I mean, the only way to improve on something, to actually GET GOOD at it, is by actually starting.
Or maybe just starting over. I’ve been doing a lot of starting over this month, and I’d be lying if I said it hasn’t been extremely MESSY. I started to work out again after taking 4 months off to heal my lower back. I felt awkward, clunky, and weak.
I’m starting to focus on my writing again after taking a summer-long break from productivity. Again, awkward, clunky, and out of practice.
I found myself frustrated, because I’d put these high expectations on myself to dive back in to all the things all at once, AND perform at my usual levels. I have a blog that needs resurrected, a website that needs updated, a book proposal that needs edited, meal plans that need to be made, a morning routine that needs implemented, and it all just started to feel a bit overwhelming.
Re-Entry is hard.
If vacation/rest is anything like floating peacefully in outer space, then re-entry into the atmosphere of regular life & work is like that harsh thud when gravity hits. Eventually you’ll get there, but it’s probably going to get a little bumpy first.
I should know this by now, because I’ve learned it the hard way about a hundred times, but for some reason I still have to the urge to stack up all my expectations into one giant hurdle for myself.
Last week I stacked my expectations a little *too* high and wound up with some bumps and bruises, mostly to my confidence and joy. I sat down to edit my book proposal, a project I’ve been working on for basically EVER and was flooded with thoughts of, “Who do I think I am to try to write a book? Who am I kidding? I’ll never do this thing.”
So then I tried to update my website but as someone who’s understanding of technology is equal to Hansel & Derek in Zoolander (The files are IN the computer?!), I immediately got caught in a loop of, “I’ll never figure out this out. I might as well get one of those flip phones with the giant buttons and give up on technology all together.”
After 5 days of struggling through my workouts and modifying the moves to the point that it felt like I wasn’t even accomplishing anything, I was tempted to check out and watch Netflix instead.

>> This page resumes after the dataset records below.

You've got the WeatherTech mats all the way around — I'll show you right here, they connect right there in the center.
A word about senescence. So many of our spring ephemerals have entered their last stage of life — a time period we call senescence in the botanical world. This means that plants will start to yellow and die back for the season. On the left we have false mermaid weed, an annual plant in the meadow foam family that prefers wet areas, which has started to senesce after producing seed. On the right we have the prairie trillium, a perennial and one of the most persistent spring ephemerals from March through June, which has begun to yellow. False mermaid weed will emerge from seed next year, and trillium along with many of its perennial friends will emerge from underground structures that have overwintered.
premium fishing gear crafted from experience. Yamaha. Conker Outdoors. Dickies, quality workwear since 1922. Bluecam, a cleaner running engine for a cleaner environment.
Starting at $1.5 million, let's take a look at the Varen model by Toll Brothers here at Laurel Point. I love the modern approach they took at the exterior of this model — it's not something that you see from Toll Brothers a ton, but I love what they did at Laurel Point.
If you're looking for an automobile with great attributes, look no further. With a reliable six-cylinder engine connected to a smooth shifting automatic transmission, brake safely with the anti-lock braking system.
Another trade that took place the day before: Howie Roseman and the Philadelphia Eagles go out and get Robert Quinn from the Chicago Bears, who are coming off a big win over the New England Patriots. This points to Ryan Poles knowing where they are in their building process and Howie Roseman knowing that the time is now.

Guys, the minute we set our minds to do something challenging or new, resistance WILL rear it’s ugly head and we’ll have to decide if we’re going to push through the hard part or if we’re going to spiral into self doubt, impostor syndrome, or apathy.
But what if there’s another, less forceful option?

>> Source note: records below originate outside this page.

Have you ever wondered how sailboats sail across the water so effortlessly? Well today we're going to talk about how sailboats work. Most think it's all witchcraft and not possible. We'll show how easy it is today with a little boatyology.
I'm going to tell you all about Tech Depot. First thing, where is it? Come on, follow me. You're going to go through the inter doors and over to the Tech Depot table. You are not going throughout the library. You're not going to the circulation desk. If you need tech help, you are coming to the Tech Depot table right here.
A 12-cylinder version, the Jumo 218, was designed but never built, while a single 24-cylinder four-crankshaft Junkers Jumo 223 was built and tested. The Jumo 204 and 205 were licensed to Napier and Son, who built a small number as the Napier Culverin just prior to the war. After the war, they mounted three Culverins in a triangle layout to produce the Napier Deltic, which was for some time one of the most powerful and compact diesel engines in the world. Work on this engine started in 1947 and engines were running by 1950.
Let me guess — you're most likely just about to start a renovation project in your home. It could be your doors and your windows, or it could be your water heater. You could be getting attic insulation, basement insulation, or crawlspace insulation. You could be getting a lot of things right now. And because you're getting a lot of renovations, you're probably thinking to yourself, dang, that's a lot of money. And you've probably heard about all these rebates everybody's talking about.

What if we gave ourselves permission to just go ahead and be a beginner? To embrace our amateurism, make mistakes, and be messy? To go ahead and do the thing badly for a while? I mean, what’s the worst that could happen?
Investing in our goals is hard and deeply personal work. Whether it’s our health and fitness, our creative passions, our relationships, or our day-to-day operations, leveling up is not going to come easy. But the only way to get where we want to go is by actually moving towards it, one awkward, unsure step at a time.
You can’t steer a parked car, sister, and neither can I. We can spend forever checking our road-map, fueling up, and obsessing over the path ahead, but unless we start the engine and DRIVE, none of that stuff matters much.
Maybe you’re waiting on starting something too, like a tough conversation, a workout program, or a daunting new project. Or maybe you’re starting over like me, and find yourself stalling until you feel qualified, ready, or for someone to give you “permission” you to do the dang thing.
What if we stopped waiting for an ideal set of circumstances that may not exist and just started doing it?
What if we embraced our amateurism and let go of perfection in favor of forward motion?
We would never shame our kids or our friends for their awkward attempts at starting something new, so let’s offer ourselves the same kindness. Here’s to messy first (and 50th) drafts, modified workouts, awkward starts, and choosing Done instead of Perfect.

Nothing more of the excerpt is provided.